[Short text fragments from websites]

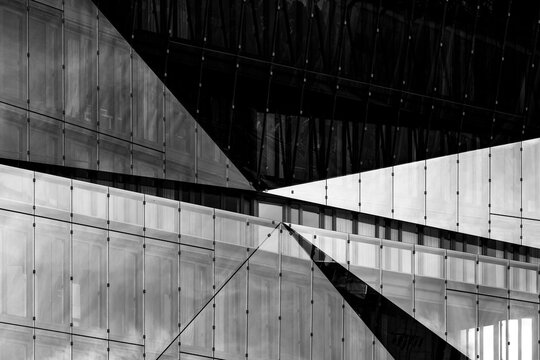 Modern concrete interior structure with minimal architecture and abstract geometry lines casting shadows for atmospheric design background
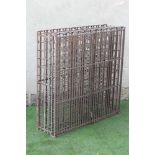A WROUGHT AND CAST IRON WINE RACK, possibly French 19th century, the shallow oblong slatted cage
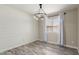 Cozy dining room featuring a modern lighting fixture, wood-style flooring, and shiplap accent wall at 723 N Joshua Tree Ln, Gilbert, AZ 85234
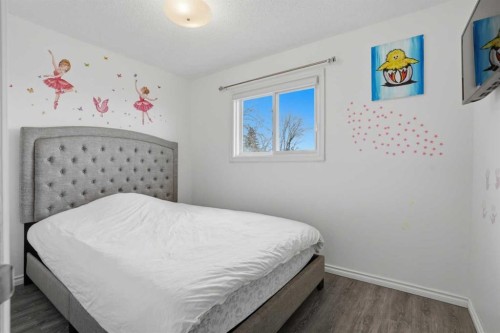 203 Shawglen Road Sw, Calgary, AB - Indoor Photo Showing Bedroom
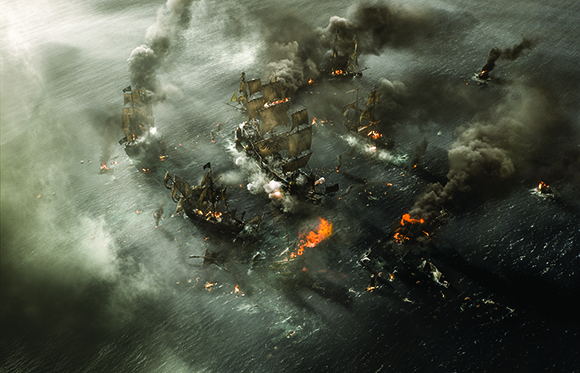 Aerial view of several large sailing ships engaged in a battle on a dark sea with heavy smoke and fires.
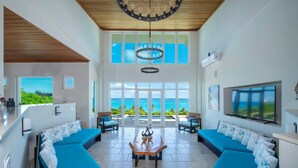 Een ruime woonkamer met een prachtig uitzicht op de oceaan, twee blauwe banken met kussens met sterrenmotief, een houten salontafel en een moderne kroonluchter.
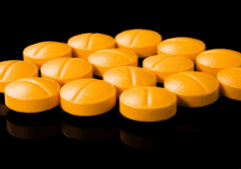 Orange tablets displayed on a surface, used to illustrate an example of the drug, Suboxone.
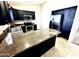 Kitchen featuring granite counters, stainless steel appliances, and dark cabinets at 18166 W Camino Real Dr, Surprise, AZ 85374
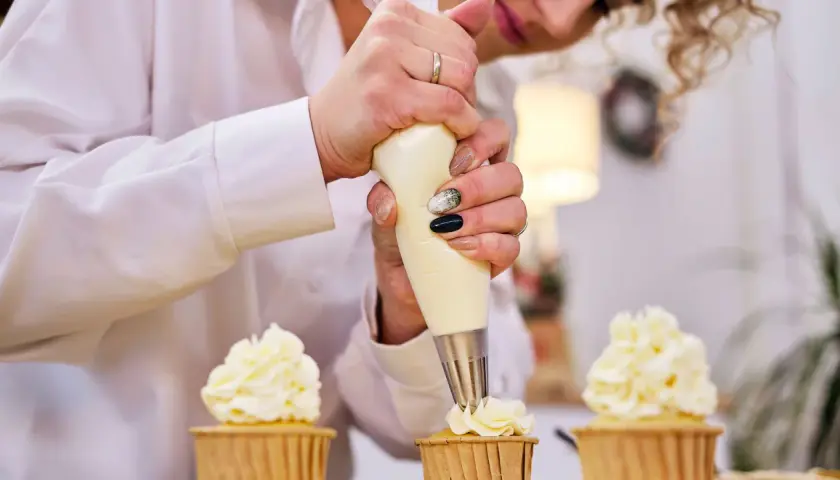 Une pâtissière décore des cupcakes avec une chantilly mascarpone aérienne.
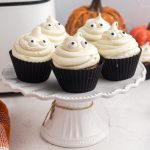 Chocolate cupcakes on a white cake stand with ghost vanilla frosting and candy eyes.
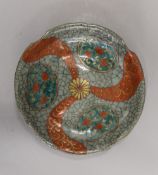 An Oriental crackle glaze dish. 18.5 cm diameter.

PROBLEM: Take the lines from the start of the entries through the line containing "203 Shawglen Road" and set them down exactly, leaving out every picture.

ANSWER:
 Modern concrete interior structure with minimal architecture and abstract geometry lines casting shadows for atmospheric design background
A WROUGHT AND CAST IRON WINE RACK, possibly French 19th century, the shallow oblong slatted cage
 Cozy dining room featuring a modern lighting fixture, wood-style flooring, and shiplap accent wall at 723 N Joshua Tree Ln, Gilbert, AZ 85234
 203 Shawglen Road Sw, Calgary, AB - Indoor Photo Showing Bedroom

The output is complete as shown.